### What to do
The required output is the stretch from the line containing "Maroon Pure Cotton" through the line containing "Merry Christmas Snowman Holiday Throw Pillow" in the records below, unaltered and with no pictures.

### Data for review
# # # # # # #

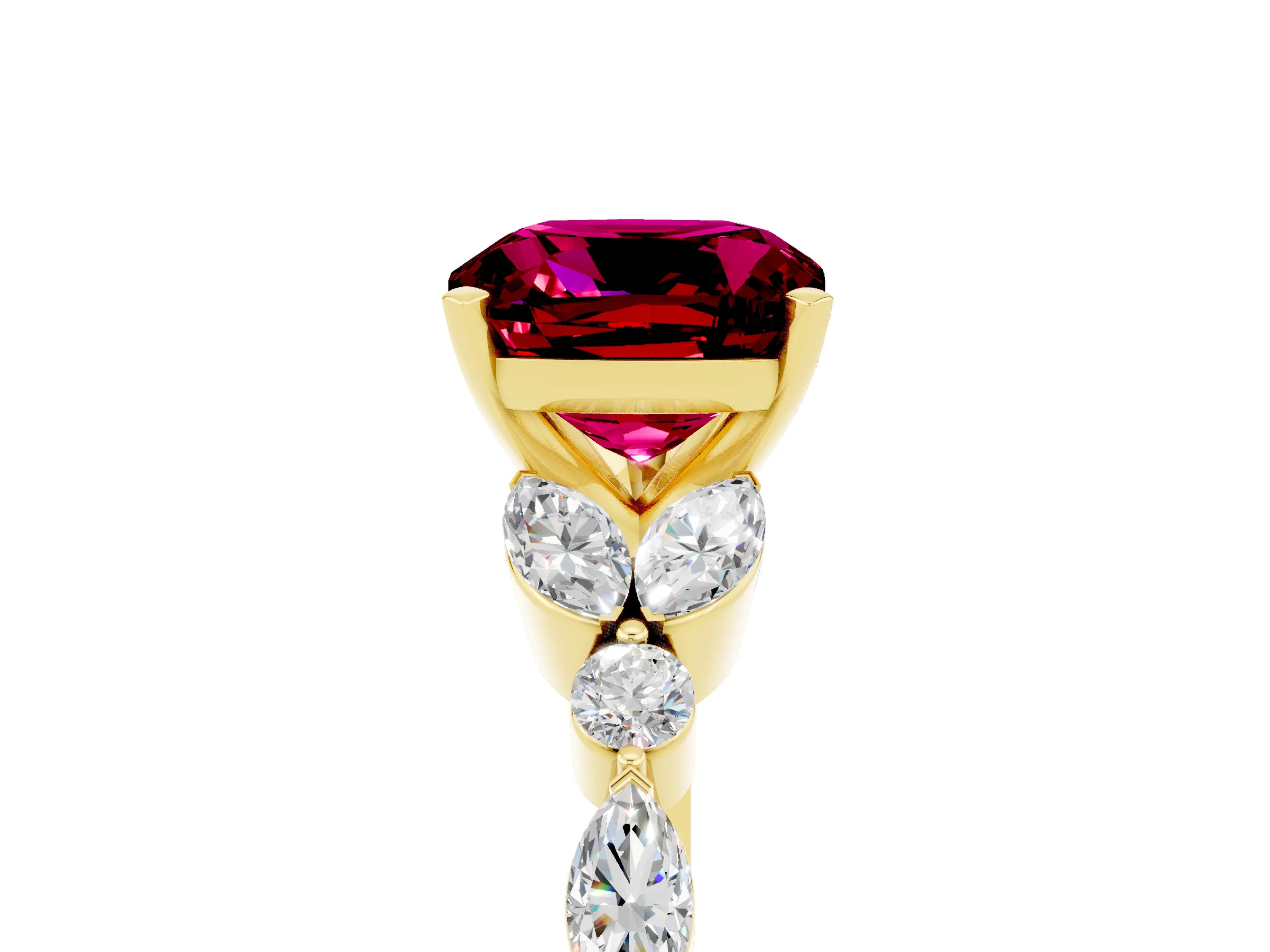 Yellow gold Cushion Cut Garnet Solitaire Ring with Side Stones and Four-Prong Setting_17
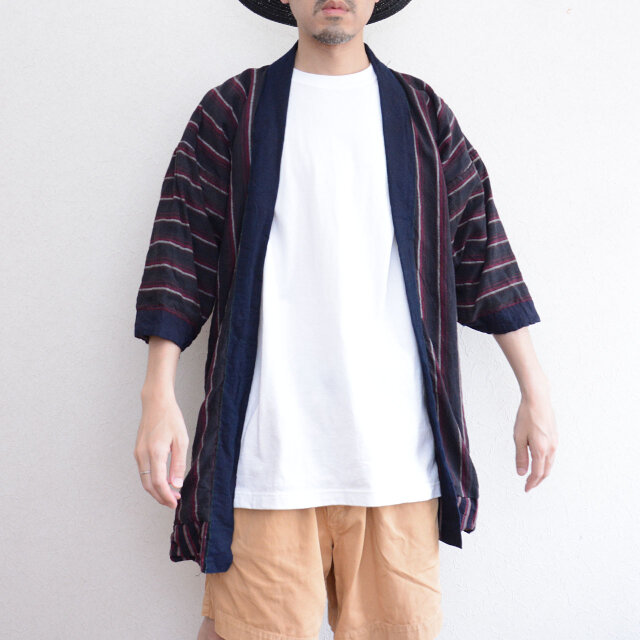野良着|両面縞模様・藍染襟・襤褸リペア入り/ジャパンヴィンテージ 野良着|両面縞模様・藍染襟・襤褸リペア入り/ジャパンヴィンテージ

# # # # # # #

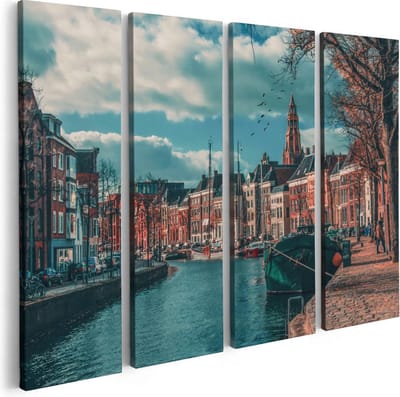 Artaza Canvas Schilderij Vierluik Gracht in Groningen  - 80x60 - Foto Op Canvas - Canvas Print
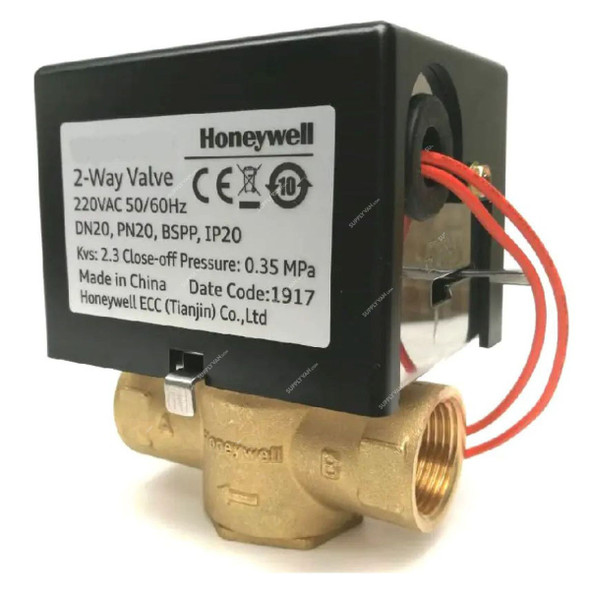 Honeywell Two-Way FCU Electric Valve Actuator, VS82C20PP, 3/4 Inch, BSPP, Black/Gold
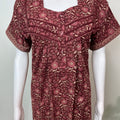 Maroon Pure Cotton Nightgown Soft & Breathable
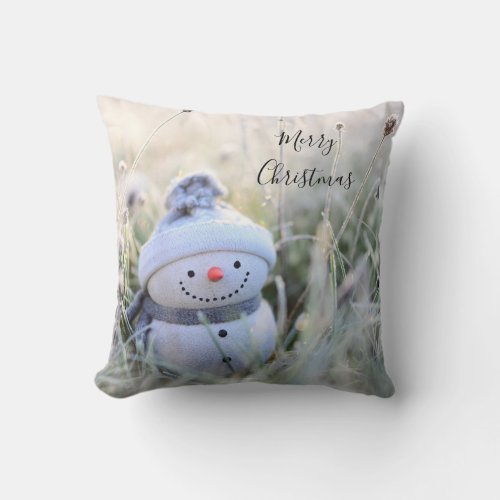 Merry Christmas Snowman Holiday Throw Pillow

# # # # # # #

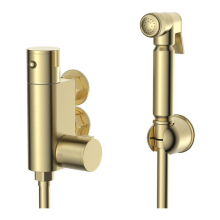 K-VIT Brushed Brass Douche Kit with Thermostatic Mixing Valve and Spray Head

# # # # # # #

### Solution to this task
 Maroon Pure Cotton Nightgown Soft & Breathable
 Merry Christmas Snowman Holiday Throw Pillow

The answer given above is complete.